TASK ITEM —
In the entries below, the lines from the one with "22.09.2024 - 32." through the one with "魚缸定制價格表（魚缸定制價格表,尺寸方面,設計方面,杭州地區）" are to be copied exactly; both ends count.

PROVIDED RECORDS —
- - -

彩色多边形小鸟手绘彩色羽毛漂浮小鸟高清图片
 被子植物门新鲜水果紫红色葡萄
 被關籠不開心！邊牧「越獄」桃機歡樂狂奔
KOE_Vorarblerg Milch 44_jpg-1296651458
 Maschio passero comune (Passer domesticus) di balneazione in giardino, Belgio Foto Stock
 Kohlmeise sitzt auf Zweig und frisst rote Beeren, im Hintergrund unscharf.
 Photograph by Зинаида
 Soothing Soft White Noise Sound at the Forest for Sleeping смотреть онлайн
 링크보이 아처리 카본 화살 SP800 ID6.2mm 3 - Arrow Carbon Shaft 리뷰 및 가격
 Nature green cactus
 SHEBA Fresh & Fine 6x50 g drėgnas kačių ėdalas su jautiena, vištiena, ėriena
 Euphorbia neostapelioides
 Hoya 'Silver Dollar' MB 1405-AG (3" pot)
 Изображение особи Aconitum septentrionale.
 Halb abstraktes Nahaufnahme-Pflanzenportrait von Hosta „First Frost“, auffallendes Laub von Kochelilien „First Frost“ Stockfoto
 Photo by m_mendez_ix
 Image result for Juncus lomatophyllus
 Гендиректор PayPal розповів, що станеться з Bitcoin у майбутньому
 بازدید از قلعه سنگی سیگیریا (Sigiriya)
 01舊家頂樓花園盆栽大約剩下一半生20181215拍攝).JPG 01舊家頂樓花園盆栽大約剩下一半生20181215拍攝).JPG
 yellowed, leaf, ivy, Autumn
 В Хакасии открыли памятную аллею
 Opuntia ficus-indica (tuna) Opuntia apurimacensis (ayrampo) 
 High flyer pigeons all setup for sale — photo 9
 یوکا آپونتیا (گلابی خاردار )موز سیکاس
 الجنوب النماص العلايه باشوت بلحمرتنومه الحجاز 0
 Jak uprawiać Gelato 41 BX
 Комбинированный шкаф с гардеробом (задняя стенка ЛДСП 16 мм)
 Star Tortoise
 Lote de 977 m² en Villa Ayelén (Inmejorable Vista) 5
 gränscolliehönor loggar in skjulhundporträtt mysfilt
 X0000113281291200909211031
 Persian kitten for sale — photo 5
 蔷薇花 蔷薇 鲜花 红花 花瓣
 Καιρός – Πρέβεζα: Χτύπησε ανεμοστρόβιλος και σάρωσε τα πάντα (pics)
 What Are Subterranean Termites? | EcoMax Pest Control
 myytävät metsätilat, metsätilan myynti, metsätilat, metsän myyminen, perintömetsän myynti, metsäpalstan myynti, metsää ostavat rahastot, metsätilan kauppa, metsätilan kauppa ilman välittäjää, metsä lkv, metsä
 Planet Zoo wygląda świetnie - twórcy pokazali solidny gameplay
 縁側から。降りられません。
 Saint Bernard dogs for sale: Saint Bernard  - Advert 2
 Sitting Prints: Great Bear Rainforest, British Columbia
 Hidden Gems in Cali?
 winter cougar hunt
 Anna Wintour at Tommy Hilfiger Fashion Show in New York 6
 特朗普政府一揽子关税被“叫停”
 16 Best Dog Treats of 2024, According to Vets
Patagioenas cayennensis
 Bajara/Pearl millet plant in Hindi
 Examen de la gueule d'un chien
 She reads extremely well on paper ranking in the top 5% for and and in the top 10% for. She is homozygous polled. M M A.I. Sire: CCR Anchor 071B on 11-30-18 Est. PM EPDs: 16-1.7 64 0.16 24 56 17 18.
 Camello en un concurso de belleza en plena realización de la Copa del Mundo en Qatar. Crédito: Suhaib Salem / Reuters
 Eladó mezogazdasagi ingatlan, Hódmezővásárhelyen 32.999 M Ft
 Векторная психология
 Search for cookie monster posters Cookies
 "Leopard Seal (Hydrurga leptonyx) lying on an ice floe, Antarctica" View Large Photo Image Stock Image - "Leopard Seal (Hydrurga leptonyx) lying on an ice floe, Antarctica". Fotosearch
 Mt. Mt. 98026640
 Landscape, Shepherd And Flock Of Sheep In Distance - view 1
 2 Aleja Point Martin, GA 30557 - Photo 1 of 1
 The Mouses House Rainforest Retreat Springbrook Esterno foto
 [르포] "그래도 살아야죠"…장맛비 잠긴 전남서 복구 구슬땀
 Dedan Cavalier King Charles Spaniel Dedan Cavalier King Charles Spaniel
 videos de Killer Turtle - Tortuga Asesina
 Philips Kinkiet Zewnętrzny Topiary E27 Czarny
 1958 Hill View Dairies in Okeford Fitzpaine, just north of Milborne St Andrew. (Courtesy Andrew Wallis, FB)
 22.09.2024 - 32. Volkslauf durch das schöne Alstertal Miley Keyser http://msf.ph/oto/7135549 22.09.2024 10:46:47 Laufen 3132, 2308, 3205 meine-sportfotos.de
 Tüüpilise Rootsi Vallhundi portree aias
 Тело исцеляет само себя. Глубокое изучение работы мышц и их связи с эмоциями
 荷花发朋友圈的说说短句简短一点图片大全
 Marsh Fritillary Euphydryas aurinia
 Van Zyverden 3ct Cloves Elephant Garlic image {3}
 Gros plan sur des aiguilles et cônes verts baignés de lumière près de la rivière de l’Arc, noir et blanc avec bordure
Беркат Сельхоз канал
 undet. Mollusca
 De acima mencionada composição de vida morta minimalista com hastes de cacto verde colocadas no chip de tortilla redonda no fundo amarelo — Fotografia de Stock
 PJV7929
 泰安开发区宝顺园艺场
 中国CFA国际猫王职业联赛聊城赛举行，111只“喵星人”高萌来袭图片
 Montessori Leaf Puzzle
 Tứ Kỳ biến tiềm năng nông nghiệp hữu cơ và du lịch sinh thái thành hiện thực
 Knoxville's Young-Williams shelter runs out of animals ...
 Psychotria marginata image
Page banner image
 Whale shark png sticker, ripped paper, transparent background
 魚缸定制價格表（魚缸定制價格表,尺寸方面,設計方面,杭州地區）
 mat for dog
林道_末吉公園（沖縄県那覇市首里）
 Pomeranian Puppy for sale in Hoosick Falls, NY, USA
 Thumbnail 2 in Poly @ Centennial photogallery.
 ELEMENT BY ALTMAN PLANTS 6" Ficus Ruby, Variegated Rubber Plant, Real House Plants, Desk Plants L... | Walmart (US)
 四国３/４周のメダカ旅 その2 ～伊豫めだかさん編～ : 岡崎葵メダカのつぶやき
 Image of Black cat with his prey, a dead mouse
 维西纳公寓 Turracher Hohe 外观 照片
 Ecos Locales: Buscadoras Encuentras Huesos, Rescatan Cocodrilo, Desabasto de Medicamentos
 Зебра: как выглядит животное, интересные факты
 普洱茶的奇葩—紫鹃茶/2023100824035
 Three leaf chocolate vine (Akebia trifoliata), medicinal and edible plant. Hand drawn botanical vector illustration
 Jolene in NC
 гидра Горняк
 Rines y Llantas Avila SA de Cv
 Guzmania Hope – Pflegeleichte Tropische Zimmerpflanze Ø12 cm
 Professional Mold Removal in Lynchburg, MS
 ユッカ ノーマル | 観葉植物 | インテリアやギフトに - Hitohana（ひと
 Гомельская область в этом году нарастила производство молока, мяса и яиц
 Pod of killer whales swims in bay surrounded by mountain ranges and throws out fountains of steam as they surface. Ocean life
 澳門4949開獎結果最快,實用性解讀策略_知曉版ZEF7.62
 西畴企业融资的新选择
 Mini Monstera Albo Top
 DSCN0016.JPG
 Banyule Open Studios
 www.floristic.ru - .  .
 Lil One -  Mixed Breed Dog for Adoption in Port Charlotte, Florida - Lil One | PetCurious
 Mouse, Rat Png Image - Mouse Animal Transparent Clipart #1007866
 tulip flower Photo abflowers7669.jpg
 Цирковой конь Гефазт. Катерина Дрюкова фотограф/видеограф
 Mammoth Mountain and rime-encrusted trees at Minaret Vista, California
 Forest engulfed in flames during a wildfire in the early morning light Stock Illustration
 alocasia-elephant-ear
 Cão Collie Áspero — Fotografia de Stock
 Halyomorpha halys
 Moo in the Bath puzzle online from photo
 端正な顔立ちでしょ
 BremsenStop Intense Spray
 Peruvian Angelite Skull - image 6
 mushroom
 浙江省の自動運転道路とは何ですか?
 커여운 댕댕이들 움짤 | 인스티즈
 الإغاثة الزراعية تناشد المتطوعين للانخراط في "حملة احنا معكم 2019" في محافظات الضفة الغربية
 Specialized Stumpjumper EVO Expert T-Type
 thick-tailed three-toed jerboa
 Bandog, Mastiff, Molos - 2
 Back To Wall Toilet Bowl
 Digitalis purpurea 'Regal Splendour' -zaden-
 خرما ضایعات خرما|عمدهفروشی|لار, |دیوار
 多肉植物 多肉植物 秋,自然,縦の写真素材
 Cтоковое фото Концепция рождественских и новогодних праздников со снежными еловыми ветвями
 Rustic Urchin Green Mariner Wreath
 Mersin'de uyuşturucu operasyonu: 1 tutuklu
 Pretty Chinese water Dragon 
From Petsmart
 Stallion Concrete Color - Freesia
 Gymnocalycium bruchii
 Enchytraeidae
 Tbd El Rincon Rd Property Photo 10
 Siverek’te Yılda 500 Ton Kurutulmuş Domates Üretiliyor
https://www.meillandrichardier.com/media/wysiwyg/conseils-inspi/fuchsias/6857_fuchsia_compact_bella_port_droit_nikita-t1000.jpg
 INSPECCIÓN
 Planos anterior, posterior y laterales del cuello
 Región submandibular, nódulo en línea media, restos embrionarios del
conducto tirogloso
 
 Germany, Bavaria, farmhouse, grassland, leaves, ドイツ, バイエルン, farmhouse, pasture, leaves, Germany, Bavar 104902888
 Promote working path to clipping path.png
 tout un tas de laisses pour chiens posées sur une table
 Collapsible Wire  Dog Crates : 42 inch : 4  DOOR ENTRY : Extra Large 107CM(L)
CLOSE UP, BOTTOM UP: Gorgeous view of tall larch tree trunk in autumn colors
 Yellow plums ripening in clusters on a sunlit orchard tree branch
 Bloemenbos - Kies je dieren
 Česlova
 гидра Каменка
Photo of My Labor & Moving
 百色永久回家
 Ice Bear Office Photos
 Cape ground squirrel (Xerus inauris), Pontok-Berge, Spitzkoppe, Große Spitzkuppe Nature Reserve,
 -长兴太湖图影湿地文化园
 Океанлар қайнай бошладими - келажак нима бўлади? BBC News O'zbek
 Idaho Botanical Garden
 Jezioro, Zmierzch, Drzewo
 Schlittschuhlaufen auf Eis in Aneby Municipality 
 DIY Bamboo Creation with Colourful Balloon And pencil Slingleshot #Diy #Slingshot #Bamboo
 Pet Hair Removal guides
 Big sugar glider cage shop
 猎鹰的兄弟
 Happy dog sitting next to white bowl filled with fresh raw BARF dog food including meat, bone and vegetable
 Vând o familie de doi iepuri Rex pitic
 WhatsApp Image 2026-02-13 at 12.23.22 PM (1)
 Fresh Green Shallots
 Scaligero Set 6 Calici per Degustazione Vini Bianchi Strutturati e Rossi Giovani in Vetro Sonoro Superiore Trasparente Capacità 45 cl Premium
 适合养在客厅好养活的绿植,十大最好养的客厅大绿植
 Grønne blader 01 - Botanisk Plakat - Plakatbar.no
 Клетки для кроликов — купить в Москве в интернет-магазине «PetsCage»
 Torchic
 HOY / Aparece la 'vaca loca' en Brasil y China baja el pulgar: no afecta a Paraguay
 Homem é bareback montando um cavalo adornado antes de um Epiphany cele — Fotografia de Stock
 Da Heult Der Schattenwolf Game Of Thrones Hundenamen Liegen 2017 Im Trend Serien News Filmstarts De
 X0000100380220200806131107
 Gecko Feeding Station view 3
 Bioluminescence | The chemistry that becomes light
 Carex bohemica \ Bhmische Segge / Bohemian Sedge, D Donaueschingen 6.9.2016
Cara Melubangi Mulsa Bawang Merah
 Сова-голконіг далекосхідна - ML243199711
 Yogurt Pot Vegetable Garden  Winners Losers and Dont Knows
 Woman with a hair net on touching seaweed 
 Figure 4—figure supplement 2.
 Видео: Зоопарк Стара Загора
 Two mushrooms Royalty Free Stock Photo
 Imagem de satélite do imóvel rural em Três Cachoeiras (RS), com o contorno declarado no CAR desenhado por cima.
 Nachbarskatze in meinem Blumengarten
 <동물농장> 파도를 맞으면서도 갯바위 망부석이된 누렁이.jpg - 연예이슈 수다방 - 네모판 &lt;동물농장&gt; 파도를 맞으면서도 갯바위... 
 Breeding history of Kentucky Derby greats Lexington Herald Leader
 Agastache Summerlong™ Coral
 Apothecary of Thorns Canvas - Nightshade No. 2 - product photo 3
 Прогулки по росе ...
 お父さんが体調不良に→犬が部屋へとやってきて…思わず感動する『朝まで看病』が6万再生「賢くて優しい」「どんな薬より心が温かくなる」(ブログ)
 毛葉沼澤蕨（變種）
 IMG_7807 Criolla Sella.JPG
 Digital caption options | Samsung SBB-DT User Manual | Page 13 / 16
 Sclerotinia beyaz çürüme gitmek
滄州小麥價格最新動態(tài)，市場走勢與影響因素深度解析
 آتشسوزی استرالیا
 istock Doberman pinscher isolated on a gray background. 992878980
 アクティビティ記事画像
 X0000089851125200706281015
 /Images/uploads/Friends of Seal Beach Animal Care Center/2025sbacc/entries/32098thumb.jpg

- - -

ANSWER —
 22.09.2024 - 32. Volkslauf durch das schöne Alstertal Miley Keyser http://msf.ph/oto/7135549 22.09.2024 10:46:47 Laufen 3132, 2308, 3205 meine-sportfotos.de
 Tüüpilise Rootsi Vallhundi portree aias
 Тело исцеляет само себя. Глубокое изучение работы мышц и их связи с эмоциями
 荷花发朋友圈的说说短句简短一点图片大全
 Marsh Fritillary Euphydryas aurinia
 Van Zyverden 3ct Cloves Elephant Garlic image {3}
 Gros plan sur des aiguilles et cônes verts baignés de lumière près de la rivière de l’Arc, noir et blanc avec bordure
Беркат Сельхоз канал
 undet. Mollusca
 De acima mencionada composição de vida morta minimalista com hastes de cacto verde colocadas no chip de tortilla redonda no fundo amarelo — Fotografia de Stock
 PJV7929
 泰安开发区宝顺园艺场
 中国CFA国际猫王职业联赛聊城赛举行，111只“喵星人”高萌来袭图片
 Montessori Leaf Puzzle
 Tứ Kỳ biến tiềm năng nông nghiệp hữu cơ và du lịch sinh thái thành hiện thực
 Knoxville's Young-Williams shelter runs out of animals ...
 Psychotria marginata image
Page banner image
 Whale shark png sticker, ripped paper, transparent background
 魚缸定制價格表（魚缸定制價格表,尺寸方面,設計方面,杭州地區）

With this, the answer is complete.